Como ciência oculta, a alquimia vive do mistério. Seus textos são herméticos, cifrados - e por vezes contraditórios. O título da exposição de Tunga faz referência à “via úmida”, uma das duas técnicas básicas que os alquimistas do passado usavam para transformar a matéria (a outra chama-se via seca, mais arriscada). Na via úmida, o orvalho é usado para umedecer a matéria-prima, tendo o sal como dissolvente e o enxofre como princípio ativo, masculino (o feminino é o mercúrio, volátil). Quando ambos se encontram, o coito é inevitável - e dele surge a vida. Nas esculturas da exposição, o espectador verá não apenas pedras de enxofre como pérolas, cristais, dedos, orelhas e outras parte do corpo, como se entrasse no laboratório de um alquimista iluminado. E é esse o papel que Tunga tem na arte contemporânea - reconhecido, aliás, mundialmente (só este ano ele faz quatro exposições, três delas no exterior).

Demiurgo. Tunga e suas esculturas de terracota e aço Foto: Tiago Queiroz/Estadão

A crítica americana viu nos caldeirões de terracota e tripés de aço alusões aos alquimistas da Idade Média, mas não só. Relacionou as formas de Tunga à sintaxe visual dos surrealistas, especialmente do escultor alemão Hans Bellmer (1902-1975), só porque a insubordinação de ambos tem na sexualidade quase explícita um meio de expressão (Bellmer usava bonecas eróticas para incomodar burgueses escandalizáveis). Tunga, evidentemente, não é Bellmer. Suas referências são mais eruditas. Há ecos da filosofia grega, da literatura de Lautréamont, dos desenhos e escritos do visionário William Blake, da poesia de Rimbaud, do cinema de Pasolini e, se alguém estiver em busca de uma referência escultórica, de Louise Bourgeois.

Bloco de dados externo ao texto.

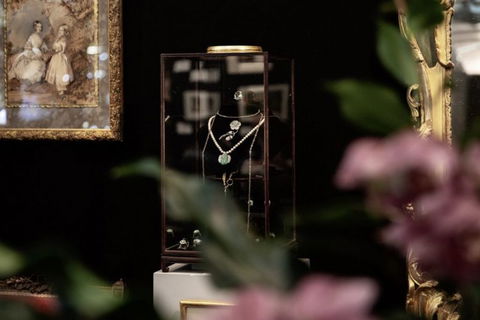 AAADA Antiques & Art Fair Sydney - Holiday Sunshine Coast 5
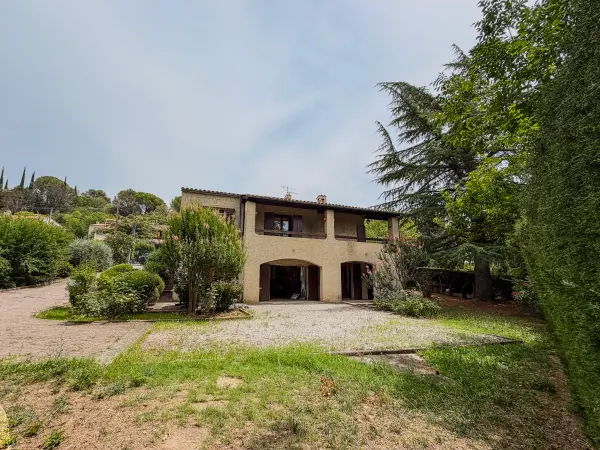 Gréoux-les-Bains 04800 – Vente maison/villa 5&nbsp;pièces 4&nbsp;chambres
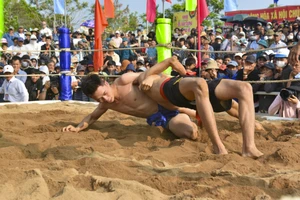 Xem các 'mãnh hổ' cố đô tranh tài nảy lửa đầu xuân Bính Ngọ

O novo corpo construído por Tunga com borracha, pérolas, esponjas, cerâmica e cristais deriva de diferentes formas orgânicas. Não são reconhecíveis de imediato. Nem isso seria possível. “É um corpo a partir do espelho, múltiplo, dinâmico, instável em termos morfológicos, pois vem amalgamado com a paisagem, a lua, o céu”, define o artista, que parte de desenhos, inspirados na narrativa alquímica, para chegar à escultura. Há tempos ele se dedica a ela, deixando um pouco de lado as performances - hoje restritas a pequenas intervenções relacionadas a esses objetos. Uma das razões de não estar presente na edição da 31.ª Bienal de São Paulo, para a qual foi convidado, se deve ao esgotamento desse e outros gêneros - como as instalações, verdadeira praga que contamina a arte contemporânea. Tunga revela estar mais interessado, hoje, nas cosmogonias e teologias do mundo antigo, no enigma que um objeto de arte propõe, ou seja, no modo oracular que a pós-modernidade artística esqueceu. Sua opção pela escultura, diz, é “política”, uma defesa do perene contra a efemeridade da performance e da instalação.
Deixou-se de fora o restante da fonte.